> **Work request**
Each line of the material beneath should be duplicated exactly.

> **Given data**
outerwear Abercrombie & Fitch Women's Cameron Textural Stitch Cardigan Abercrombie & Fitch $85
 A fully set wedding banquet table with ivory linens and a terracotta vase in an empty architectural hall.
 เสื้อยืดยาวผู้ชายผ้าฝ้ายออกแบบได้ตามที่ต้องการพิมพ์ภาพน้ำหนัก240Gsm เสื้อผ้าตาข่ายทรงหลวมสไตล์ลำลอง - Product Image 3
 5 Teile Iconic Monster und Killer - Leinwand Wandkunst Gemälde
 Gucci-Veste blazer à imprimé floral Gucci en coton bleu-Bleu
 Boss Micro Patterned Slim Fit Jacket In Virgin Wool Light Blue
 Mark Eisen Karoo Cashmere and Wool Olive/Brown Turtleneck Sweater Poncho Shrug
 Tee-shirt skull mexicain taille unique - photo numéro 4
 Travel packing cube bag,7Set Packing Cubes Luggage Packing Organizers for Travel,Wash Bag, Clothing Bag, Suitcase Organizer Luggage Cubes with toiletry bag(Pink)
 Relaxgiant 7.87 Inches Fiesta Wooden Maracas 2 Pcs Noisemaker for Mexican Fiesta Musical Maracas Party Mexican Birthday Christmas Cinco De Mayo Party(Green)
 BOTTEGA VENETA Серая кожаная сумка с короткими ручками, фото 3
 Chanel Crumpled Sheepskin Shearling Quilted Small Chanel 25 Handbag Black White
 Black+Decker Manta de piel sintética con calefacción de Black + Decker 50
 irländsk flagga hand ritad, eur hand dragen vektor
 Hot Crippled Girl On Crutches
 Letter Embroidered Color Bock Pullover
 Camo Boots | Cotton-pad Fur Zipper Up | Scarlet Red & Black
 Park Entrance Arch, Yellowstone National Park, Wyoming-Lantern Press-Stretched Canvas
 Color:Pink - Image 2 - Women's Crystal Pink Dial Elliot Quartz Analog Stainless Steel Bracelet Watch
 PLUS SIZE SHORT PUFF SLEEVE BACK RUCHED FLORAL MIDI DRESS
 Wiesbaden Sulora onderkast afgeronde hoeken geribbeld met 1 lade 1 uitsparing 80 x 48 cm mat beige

> **Task solution**
outerwear Abercrombie & Fitch Women's Cameron Textural Stitch Cardigan Abercrombie & Fitch $85
 A fully set wedding banquet table with ivory linens and a terracotta vase in an empty architectural hall.
 เสื้อยืดยาวผู้ชายผ้าฝ้ายออกแบบได้ตามที่ต้องการพิมพ์ภาพน้ำหนัก240Gsm เสื้อผ้าตาข่ายทรงหลวมสไตล์ลำลอง - Product Image 3
 5 Teile Iconic Monster und Killer - Leinwand Wandkunst Gemälde
 Gucci-Veste blazer à imprimé floral Gucci en coton bleu-Bleu
 Boss Micro Patterned Slim Fit Jacket In Virgin Wool Light Blue
 Mark Eisen Karoo Cashmere and Wool Olive/Brown Turtleneck Sweater Poncho Shrug
 Tee-shirt skull mexicain taille unique - photo numéro 4
 Travel packing cube bag,7Set Packing Cubes Luggage Packing Organizers for Travel,Wash Bag, Clothing Bag, Suitcase Organizer Luggage Cubes with toiletry bag(Pink)
 Relaxgiant 7.87 Inches Fiesta Wooden Maracas 2 Pcs Noisemaker for Mexican Fiesta Musical Maracas Party Mexican Birthday Christmas Cinco De Mayo Party(Green)
 BOTTEGA VENETA Серая кожаная сумка с короткими ручками, фото 3
 Chanel Crumpled Sheepskin Shearling Quilted Small Chanel 25 Handbag Black White
 Black+Decker Manta de piel sintética con calefacción de Black + Decker 50
 irländsk flagga hand ritad, eur hand dragen vektor
 Hot Crippled Girl On Crutches
 Letter Embroidered Color Bock Pullover
 Camo Boots | Cotton-pad Fur Zipper Up | Scarlet Red & Black
 Park Entrance Arch, Yellowstone National Park, Wyoming-Lantern Press-Stretched Canvas
 Color:Pink - Image 2 - Women's Crystal Pink Dial Elliot Quartz Analog Stainless Steel Bracelet Watch
 PLUS SIZE SHORT PUFF SLEEVE BACK RUCHED FLORAL MIDI DRESS
 Wiesbaden Sulora onderkast afgeronde hoeken geribbeld met 1 lade 1 uitsparing 80 x 48 cm mat beige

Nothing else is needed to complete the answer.